Schließlich ist am Boden des Brenners 2 ein weiterer Luftleitkanal 10 angeordnet, welcher sich außerhalb
des Brenners 2 im wesentlichen über dessen gesamte Länge erstreckt. Die Verbindung zwischen Luftleitkanal
10 und Brennkammer 4 ist durch düsenförmige Öffnungen 11 im Brenner 2 hergestellt. Dabei sind die
Öffnungen 11 in einem Abstand voneinander entlang einer Linie angeordnet, wobei die Öffnungen entlang
mehrerer Linien vorgesehen sein können.
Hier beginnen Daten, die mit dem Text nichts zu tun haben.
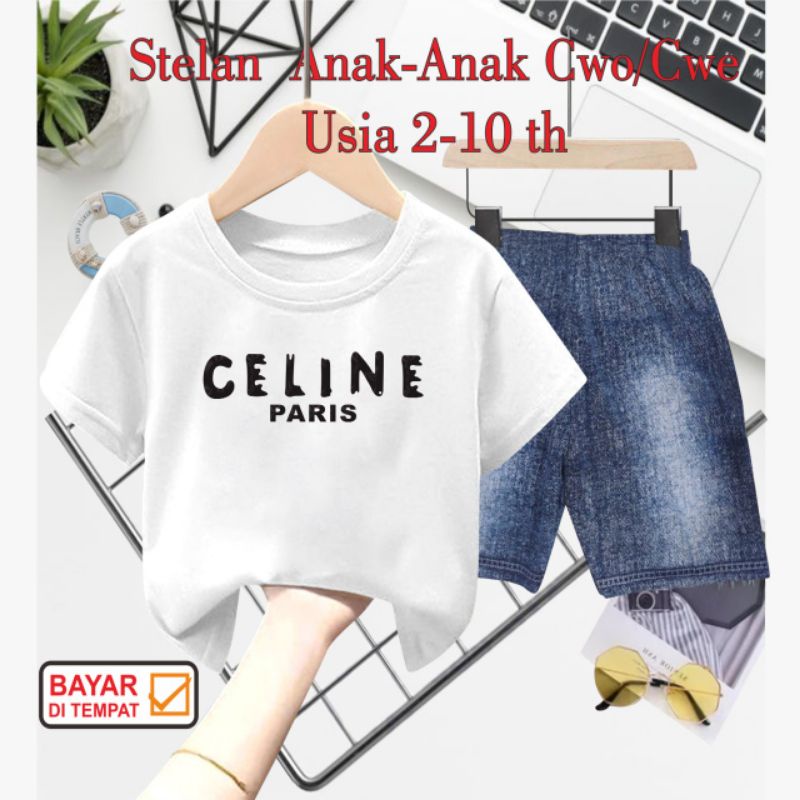 ((IB))SETELAN ANAK PEREMPUAN SEMI JEANS/C3LIN3 DIGITAL SABLON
Über die Luftleitung 10 und die Öffnungen 11 wird der Brennkammer
4 Sekundärluft zugeführt, wobei eventuell von der Brennkammer 4 herrührender Ascheneinfall
durch die Sekundärluft ausgeblasen wird.
Die beiden Luftleitkanäle 8 und 10 zweigen von einer gemeinsamen Luftzufuhrleitung 12 ab, wobei
an der Abzweigstelle eine Drosselklappe 13 angeordnet ist. Mittels der Drosselklappe 13 kann entweder
die Primärluftzufuhr oder die Sekundärluftzufuhr unterbunden bzw. gedrosselt werden. Der
Luftzufuhrleitung 12 ist ein Gebläse vorgeschaltet, welches bei Erreichen einer Vorlauftemperatur durch
einen Thermostat abgeschaltet werden kann. Sobald die Vorlauftemperatur überschritten ist, wird die
Luft auch ohne Gebläseunterstützung von der Außenseite des Ofens über die Luftleitkanäle in die
Brennkammer eingesaugt.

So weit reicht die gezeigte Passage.